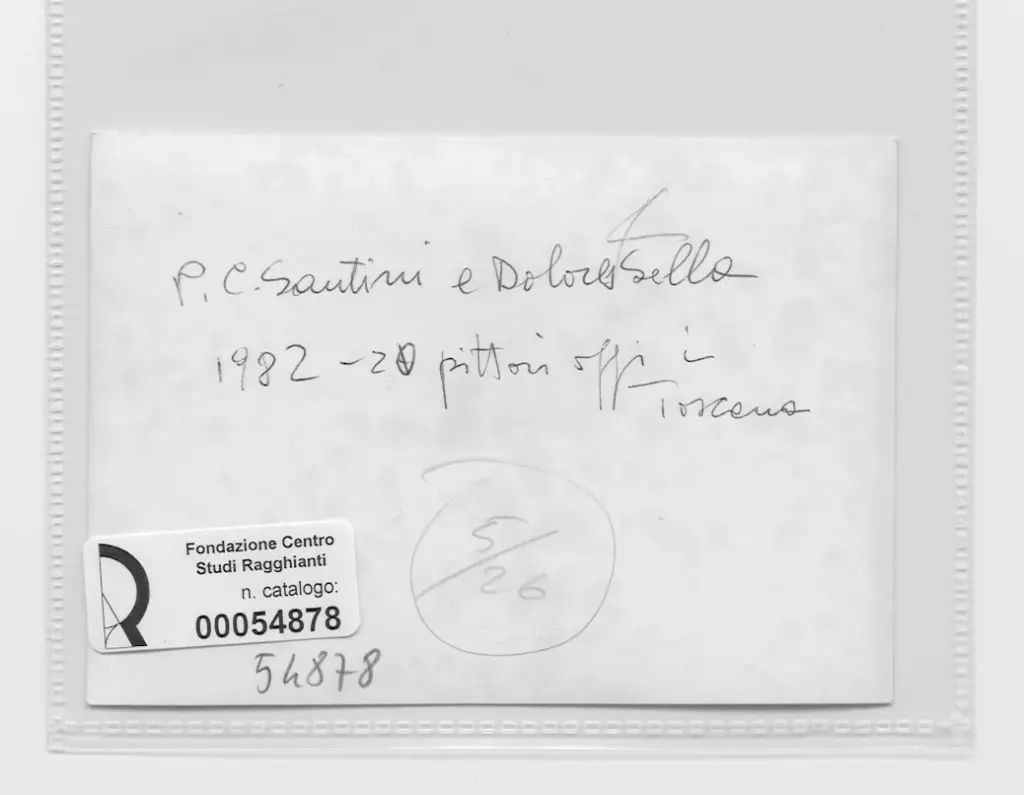 Saba, Benvenuto , retro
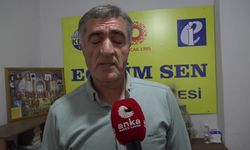 Eğitim-Sen’den 10 Kasım'ın ara tatile denk getirilmesine tepki: “Bu saygısızlıktır"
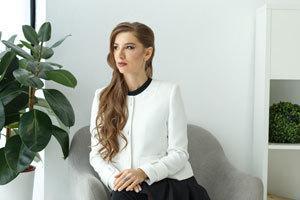 Алена Дегрик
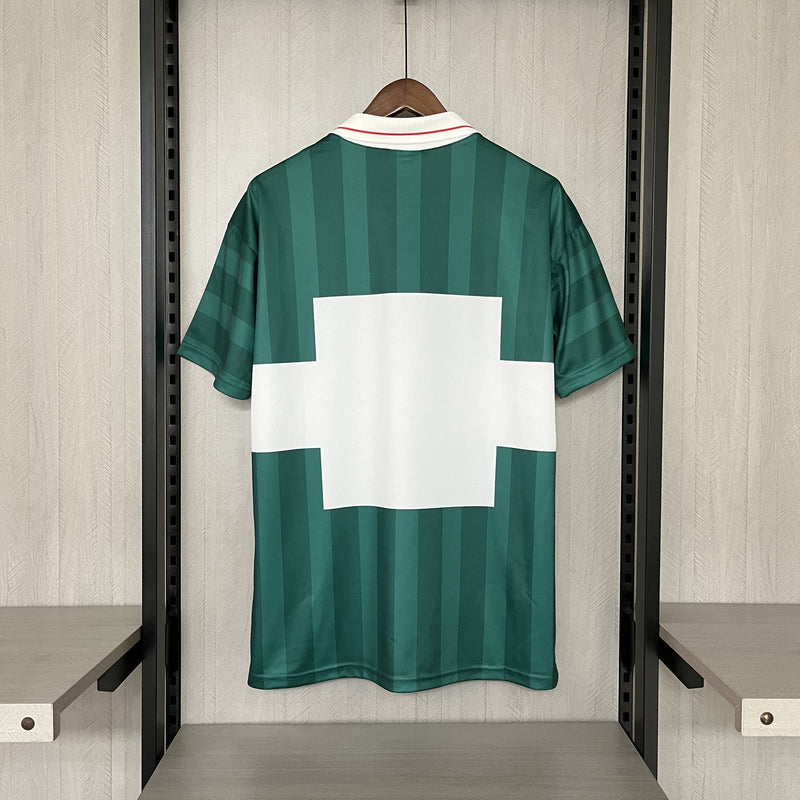 Camisa Palmeiras Retrô 1996/97 III - Reebok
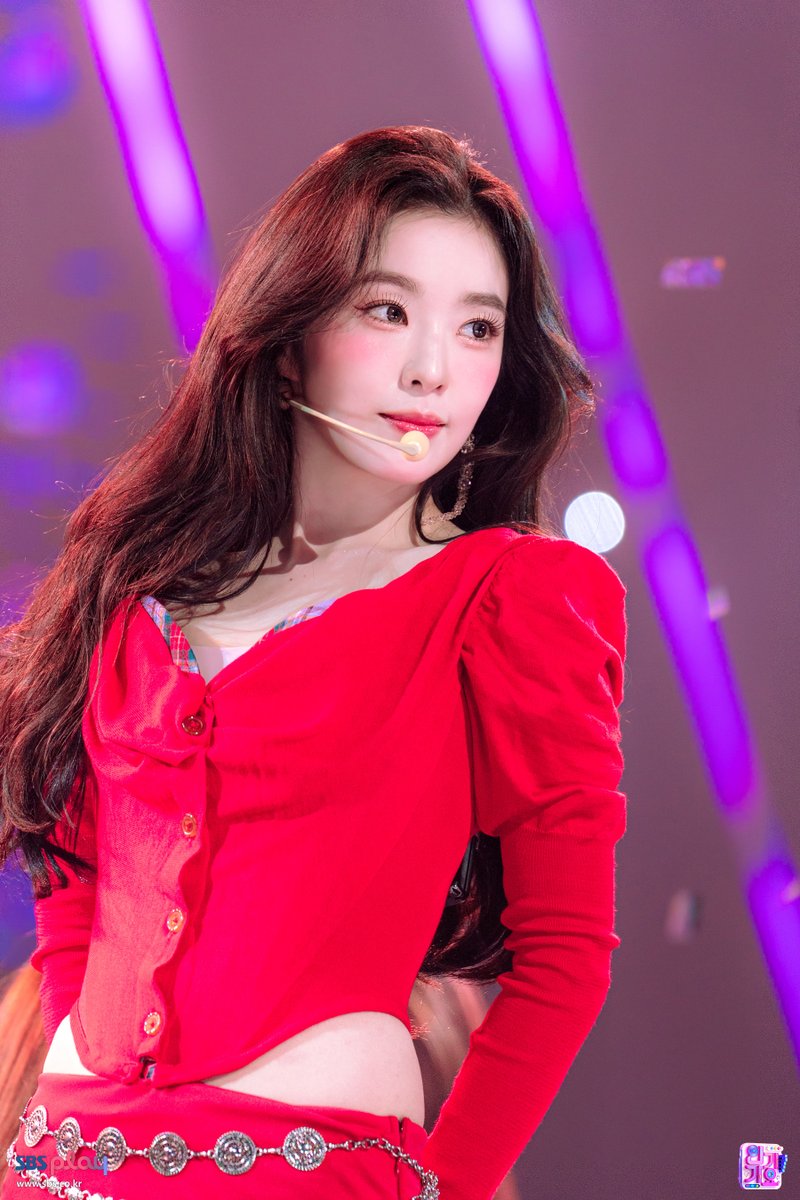 슬린 tweet media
════════════════════
Could you retype exactly, and only, the lines running from the one with "Алена Дегрик" to the last line of the listing, while leaving any pictures out?

 Алена Дегрик
 Camisa Palmeiras Retrô 1996/97 III - Reebok
 슬린 tweet media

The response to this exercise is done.